ASSIGNMENT
Every line from the one containing "Used 2022 Mahindra Thar Used" to the end of the records below must be copied exactly, and no pictures may be included.

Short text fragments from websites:

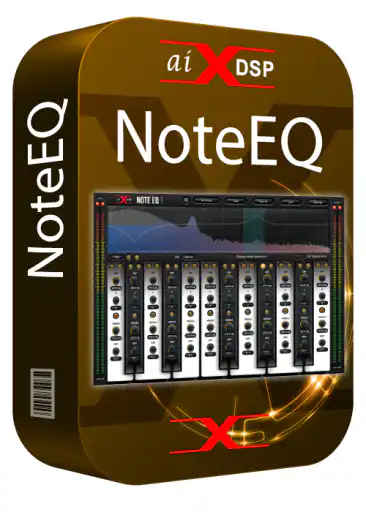 Note EQ v2.0.3 AAX VST2 VST3 x64 WiN-R2R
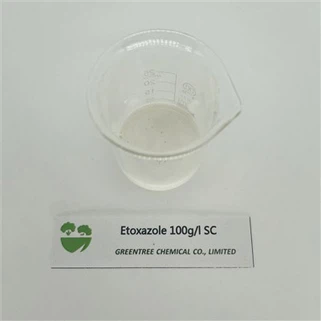 C21H23F2NO2 Etoxazole 110g/L 10% Sc CAS NO. 153233-91-1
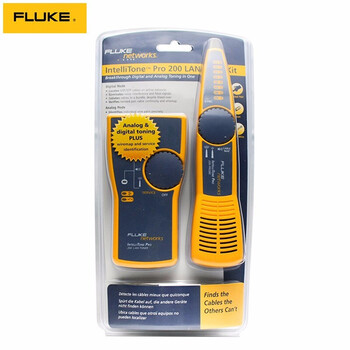 福禄克（FLUKE）MT-8200-60-KIT网线测试仪查线仪网线巡线仪寻线仪电力仪表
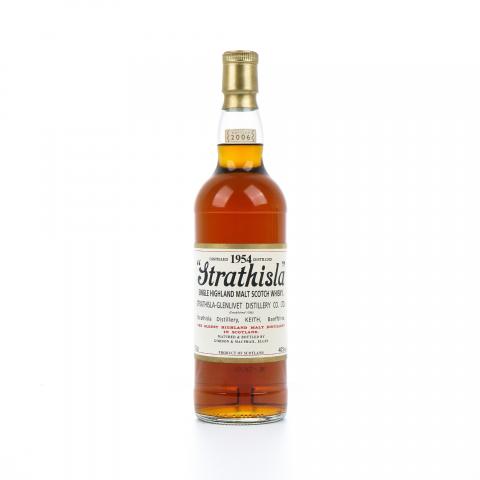 Strathisla 1954-2006 GM
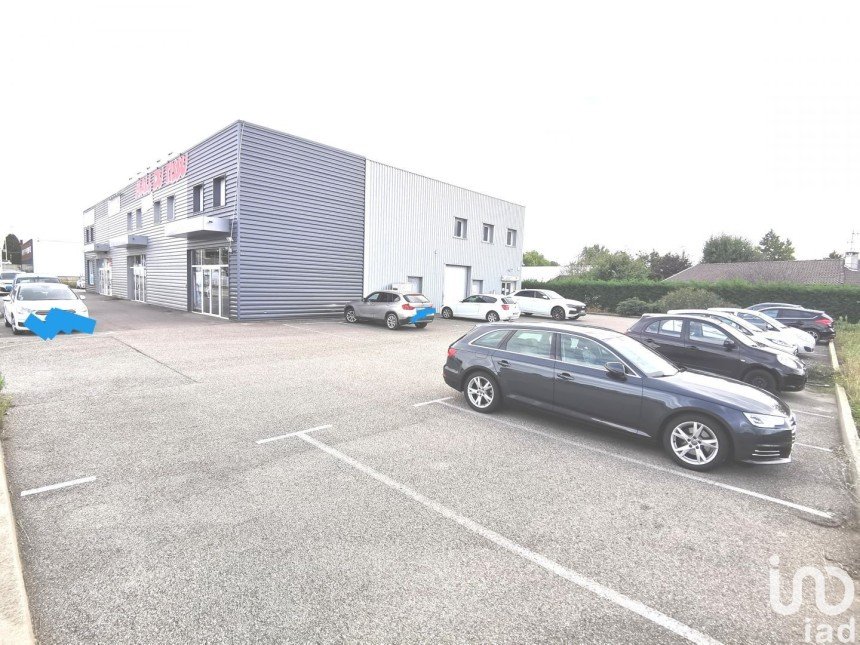 Murs commerciaux de 437 m² à Davézieux (07430)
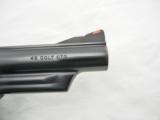1980 Smith Wesson 25 45 Long Colt 4 Inch - 6 of 8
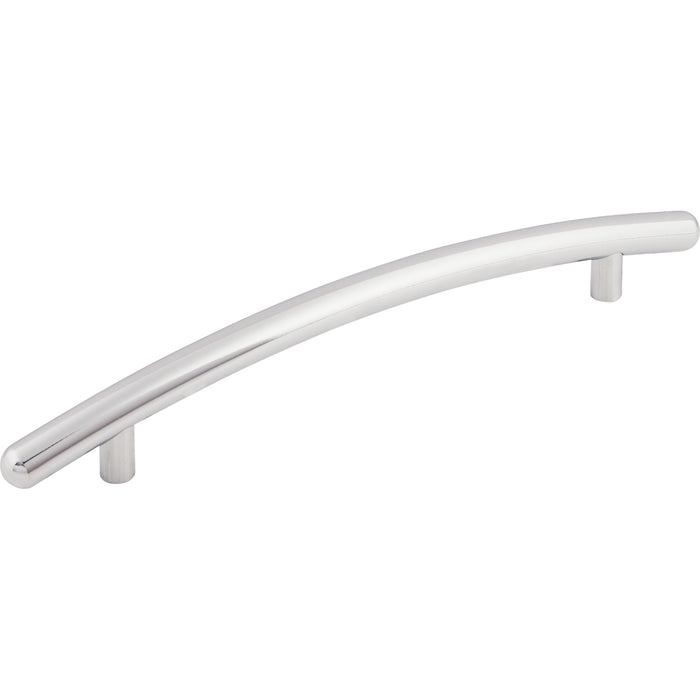 Top Knobs Curved 6 5/16" Center to Center Bar Pull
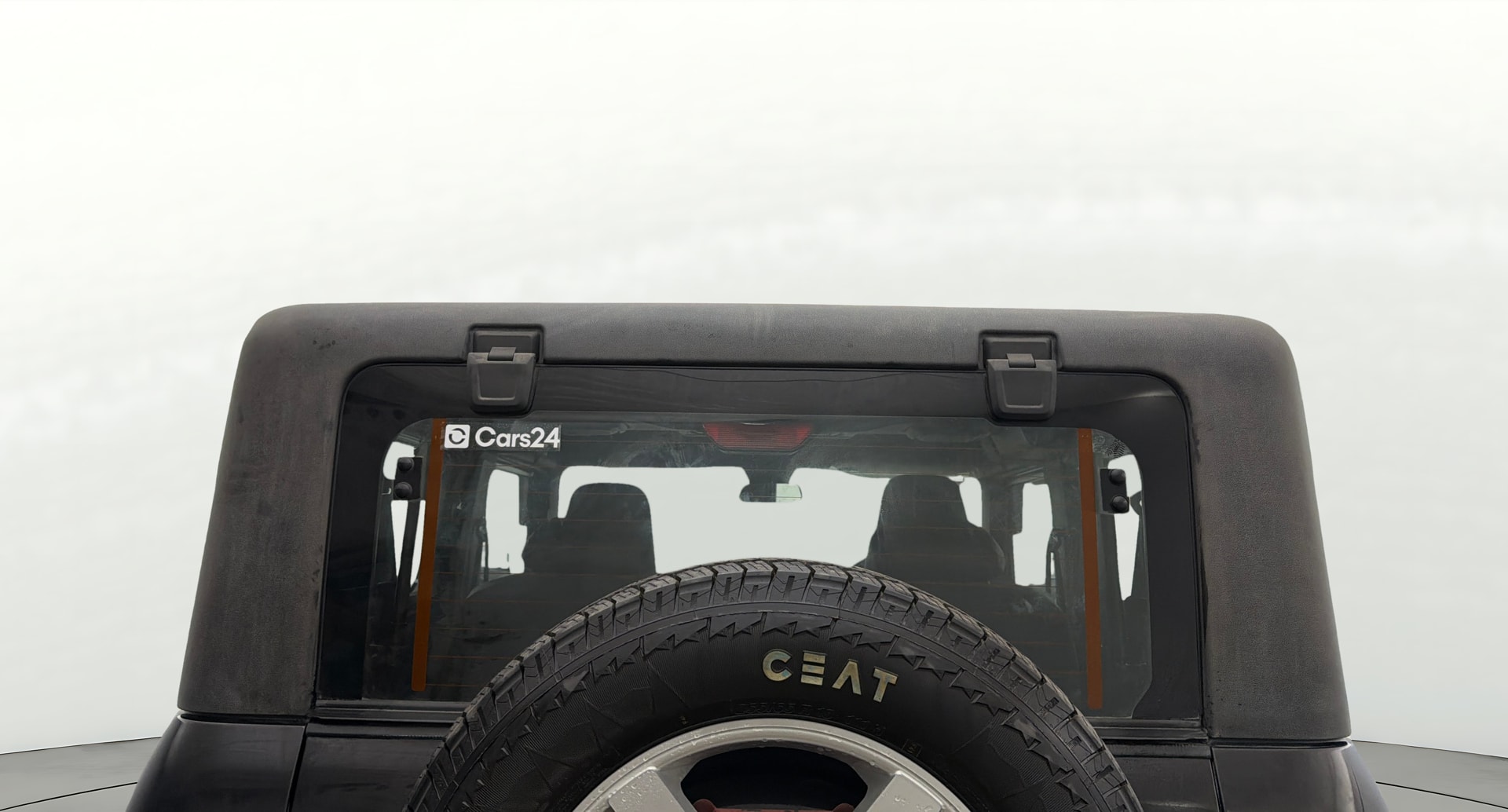 Used 2022 Mahindra Thar Used 2022 Mahindra Thar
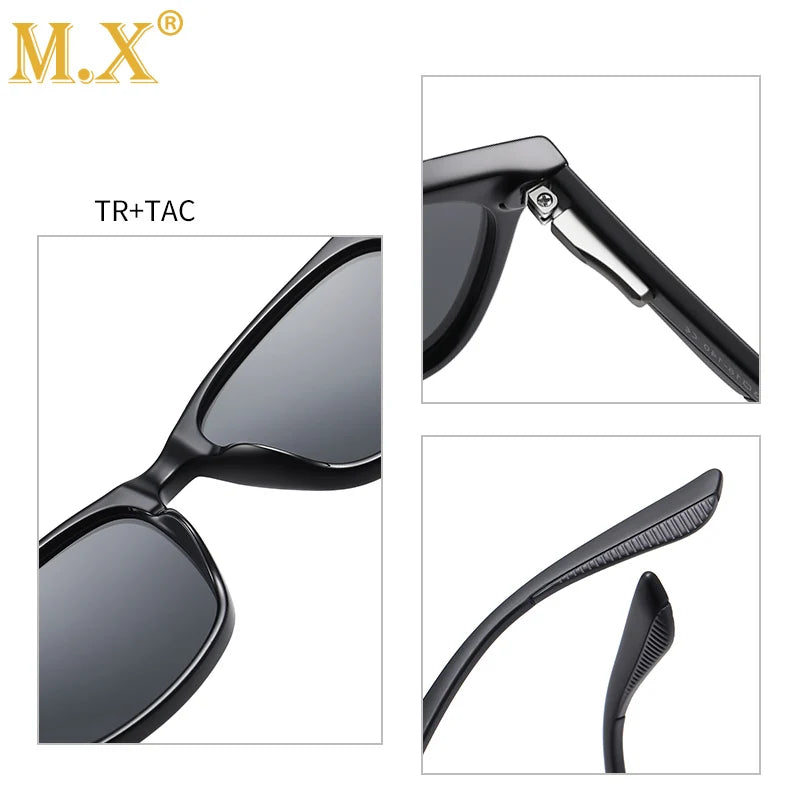 2025 New Polaroid Sunglasses Unisex Square Vintage Sun Glasses Famous Brand Sunglases Polarized Sunglasses for Women Men W3399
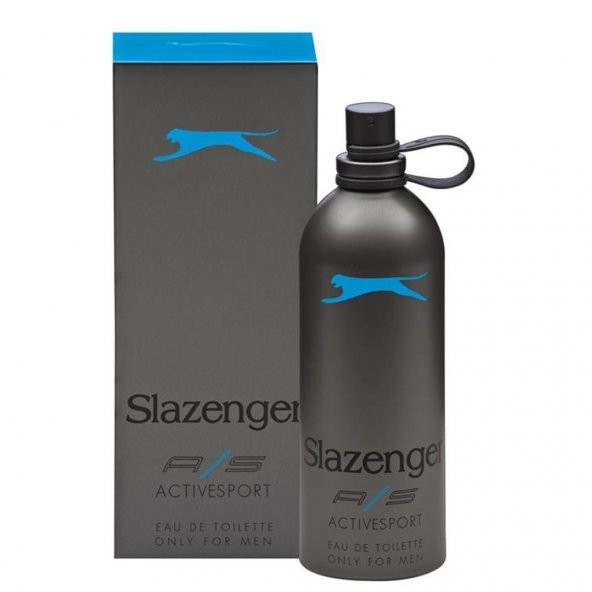 Slazenger Actıvesport Edt 125ml Mavi Erkek Parfum
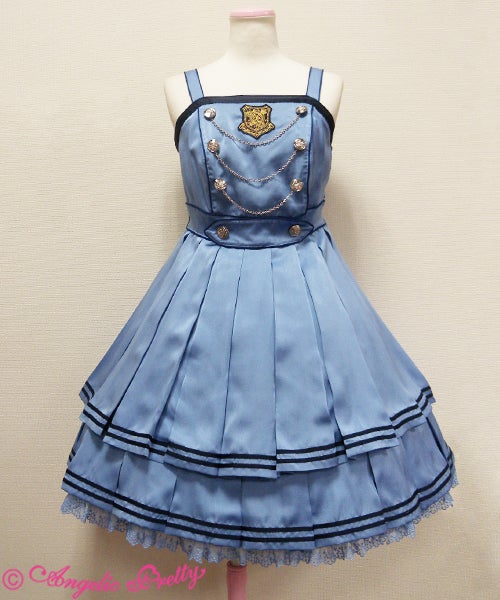 Astro Academy JSK by Angelic Pretty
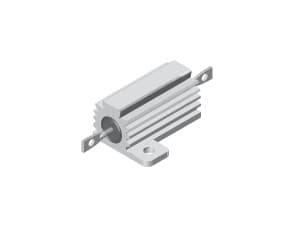 Vishay RH00515K00FE05, 16,4 mm, 28,6 mm, 8,13 mm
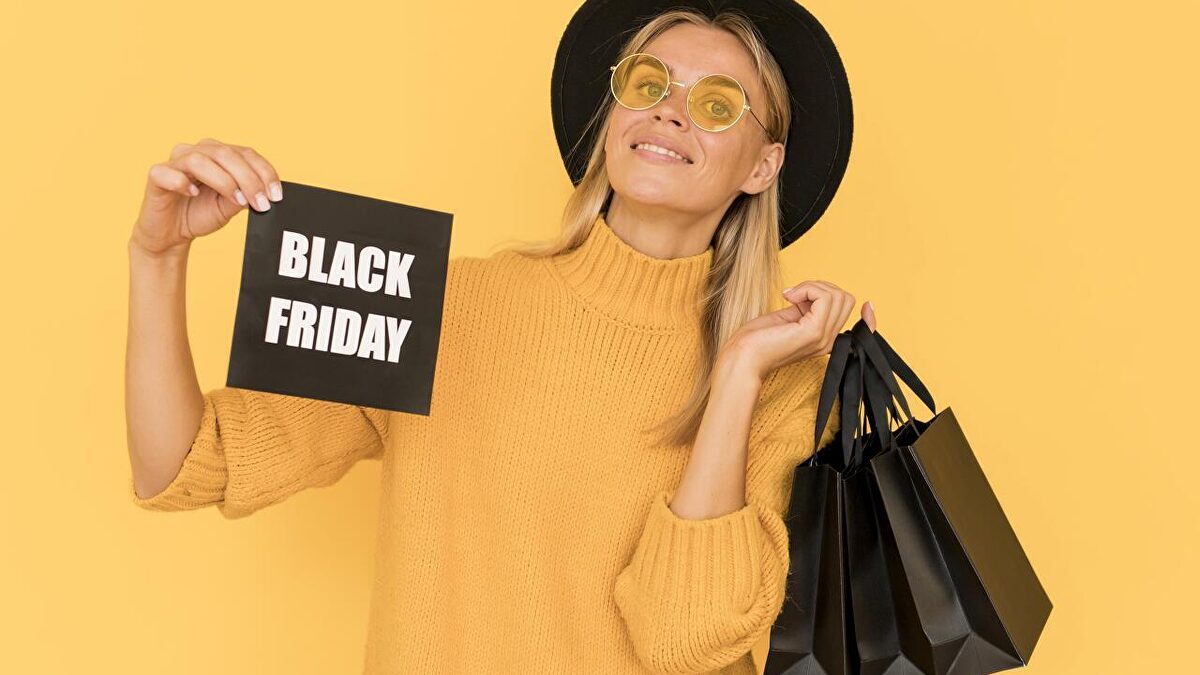 Así consigue Black Friday despertar la economía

RESULT
 Used 2022 Mahindra Thar Used 2022 Mahindra Thar
 2025 New Polaroid Sunglasses Unisex Square Vintage Sun Glasses Famous Brand Sunglases Polarized Sunglasses for Women Men W3399
 Slazenger Actıvesport Edt 125ml Mavi Erkek Parfum
 Astro Academy JSK by Angelic Pretty
 Vishay RH00515K00FE05, 16,4 mm, 28,6 mm, 8,13 mm
 Así consigue Black Friday despertar la economía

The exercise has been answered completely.